Does plasma-derived sEV miR-660-5p predict carotid plaque vulnerability and 3-year MACE risk in patients with carotid atherosclerotic stenosis?
Plasma-derived sEV miR-660-5p is a promising non-invasive biomarker for assessing carotid plaque vulnerability and predicting 3-year MACE risk after carotid endarterectomy.
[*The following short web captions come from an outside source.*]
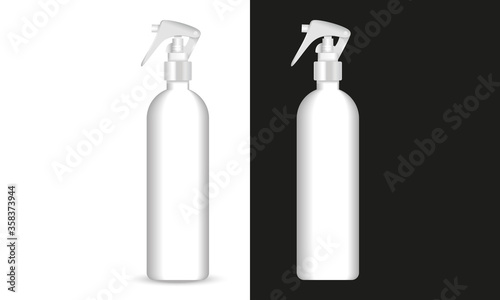 Draw of white atomizer spray bottle with fine trigger to make fine mist, plastic premium container, ideal for hairdressing, barber, antibacterial liquids  and electrolyzed water products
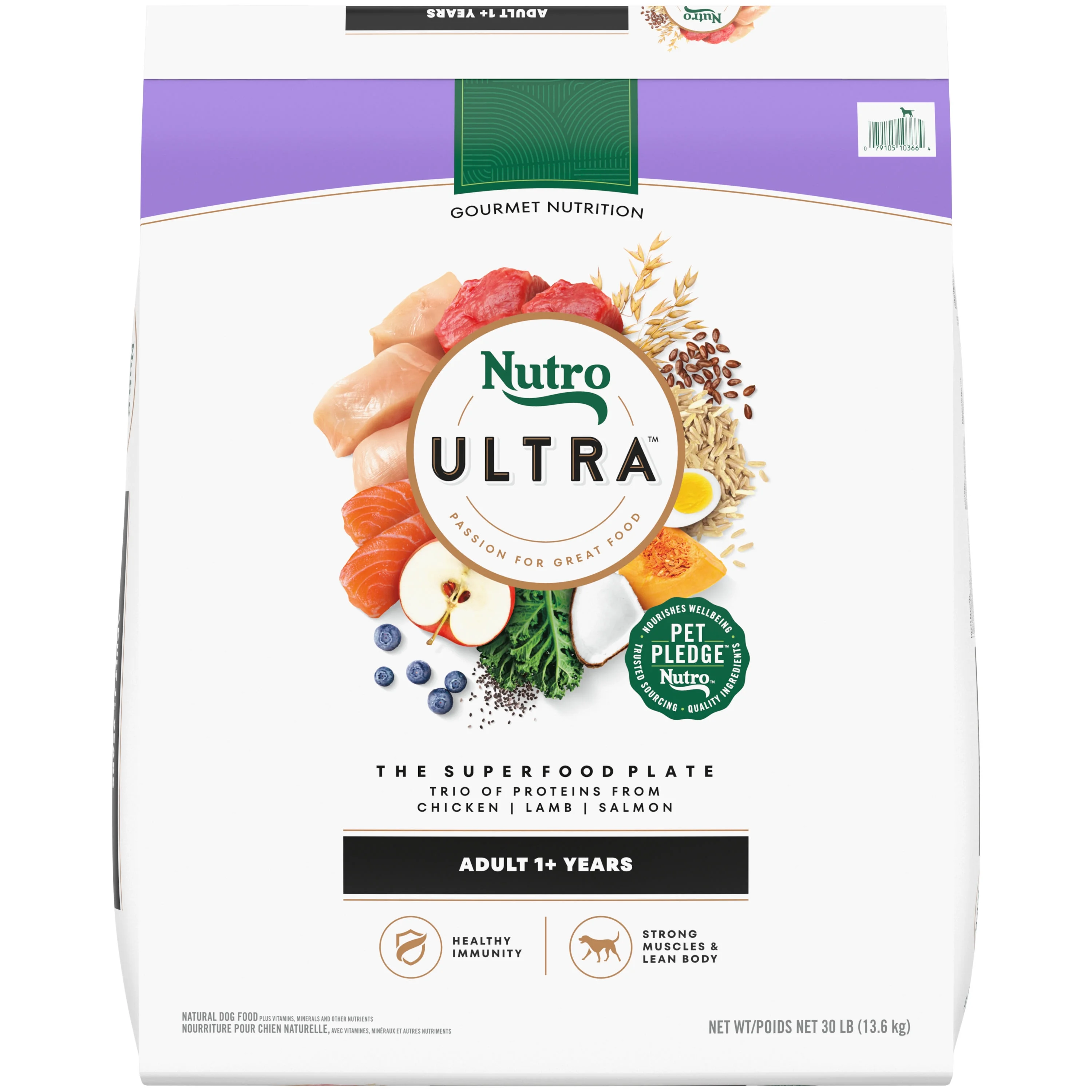 Nutro Ultra Adult Dry Dog Food With A Trio Of Proteins From Chicken, Lamb And Salmon, 30 Lb. Bag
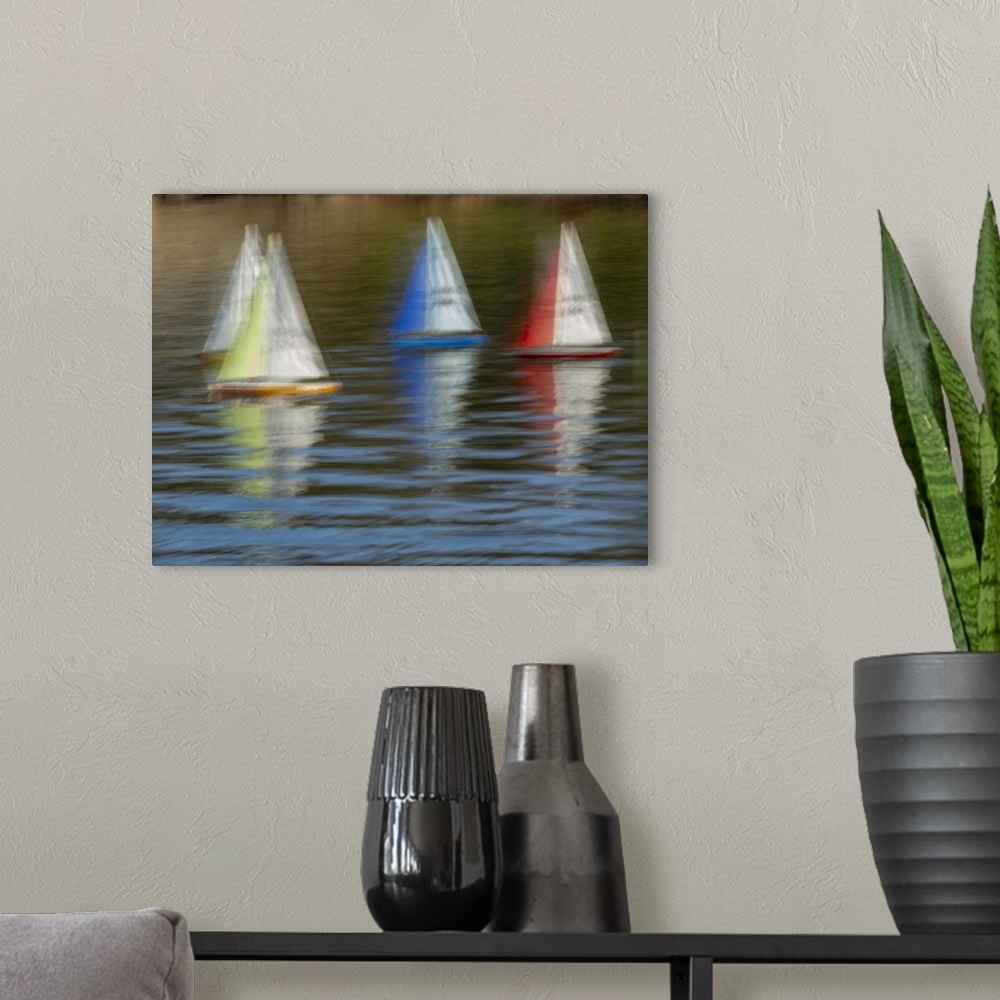 A modern room featuring Usa, Washington State, Renton. Model yacht club remote control sailboats at Gene Coulon Park on L...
Absolute Event Rate: 0% vs 0%
Building on our previous isolation of plaque-derived small extracellular vesicles (sEVs) from carotid atherosclerotic stenosis (CAS) patients, this study aimed to identify plasma sEV-encapsulated miRNAs that reflect plaque vulnerability and predict clinical outcomes, based on differentially expressed miRNAs identified in sEVs from stable versus vulnerable plaques. CAS patients were retrospectively enrolled into four complementary cohorts: (1) a sequencing cohort (n=12) for miRNA profiling of plaque-derived sEVs; (2) a discovery cohort (n=62) to identify candidate plasma-derived sEV miRNAs associated with plaque vulnerability; and (3) validation cohort 1 (n=180; endarterectomy cases) and (4) validation cohort 2 (n=326; stenting cases) for validating the diagnostic efficacy of the identified plasma-derived sEV miRNAs. Candidate miRNAs were quantified using a High-throughput nano-bio chip integrated system (HNCIB). Their associations with plaque vulnerability and 3-year post-endarterectomy major adverse cardiovascular events (MACE) were analyzed. MiRNA sequencing revealed significant upregulation of miR-660-5p in vulnerable plaque-derived sEVs. Its expression levels showed a significant positive correlation between matched plaque- and plasma-derived sEVs from the same patient. Moreover, plasma-derived sEV miR-660-5p levels were independently associated with carotid plaque vulnerability in both validation cohorts, defined either by histopathological criteria (endarterectomy cases) or the clinically validated Plaque-Reporting and Data System (RADS) criteria (stenting cases). Additionally, elevated plasma-derived sEV miR-660-5p levels were also associated with a higher risk of 3-year post-endarterectomy MACE. Plasma-derived sEV miR-660-5p represents a promising non-invasive biomarker for assessing carotid plaque vulnerability and predicting 3-year MACE risk following carotid endarterectomy, offering potential for improved risk stratification and therapeutic targeting. • Plasma-derived sEV miR-660-5p served as an independent predictor of carotid plaque vulnerability. • Plasma-derived sEV miR-660-5p was associated with a higher risk of 3-year major adverse cardiovascular events following endarterectomy.
Xu et al. (Sun,) reported a other. Elevated plasma-derived sEV miR-660-5p independently predicts carotid plaque vulnerability and a higher risk of 3-year major adverse cardiovascular events following endarterectomy.